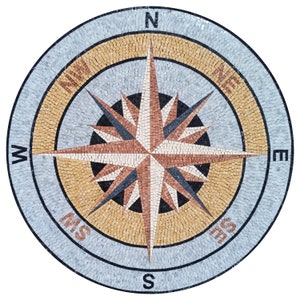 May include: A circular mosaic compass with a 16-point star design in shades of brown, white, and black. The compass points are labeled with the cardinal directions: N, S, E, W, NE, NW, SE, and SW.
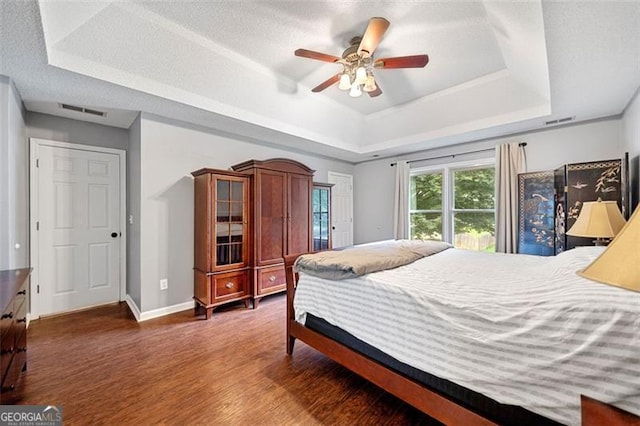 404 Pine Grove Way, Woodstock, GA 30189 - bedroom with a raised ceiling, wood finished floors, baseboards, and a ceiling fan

·····

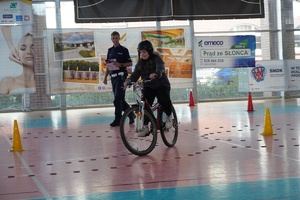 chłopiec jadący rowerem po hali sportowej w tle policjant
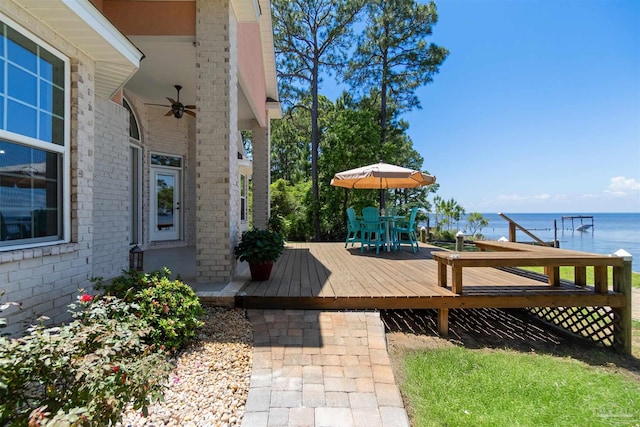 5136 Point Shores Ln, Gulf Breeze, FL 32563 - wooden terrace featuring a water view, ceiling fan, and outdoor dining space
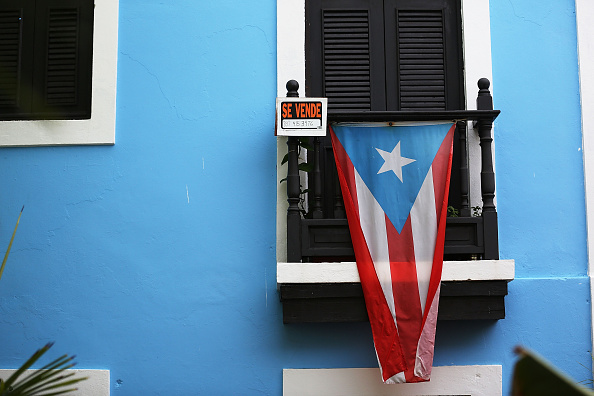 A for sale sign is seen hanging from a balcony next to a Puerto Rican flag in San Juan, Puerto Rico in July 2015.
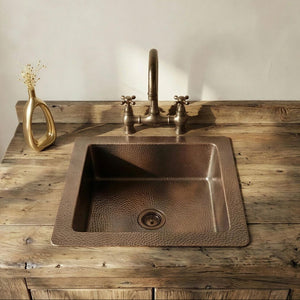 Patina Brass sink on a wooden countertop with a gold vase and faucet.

·····

*Aim of the exercise:* Leaving out the pictures, please output the lines in the entries above from the one with "May include: A" through the one with "404 Pine Grove", exactly as they are.

*Task response:*
 May include: A circular mosaic compass with a 16-point star design in shades of brown, white, and black. The compass points are labeled with the cardinal directions: N, S, E, W, NE, NW, SE, and SW.
 404 Pine Grove Way, Woodstock, GA 30189 - bedroom with a raised ceiling, wood finished floors, baseboards, and a ceiling fan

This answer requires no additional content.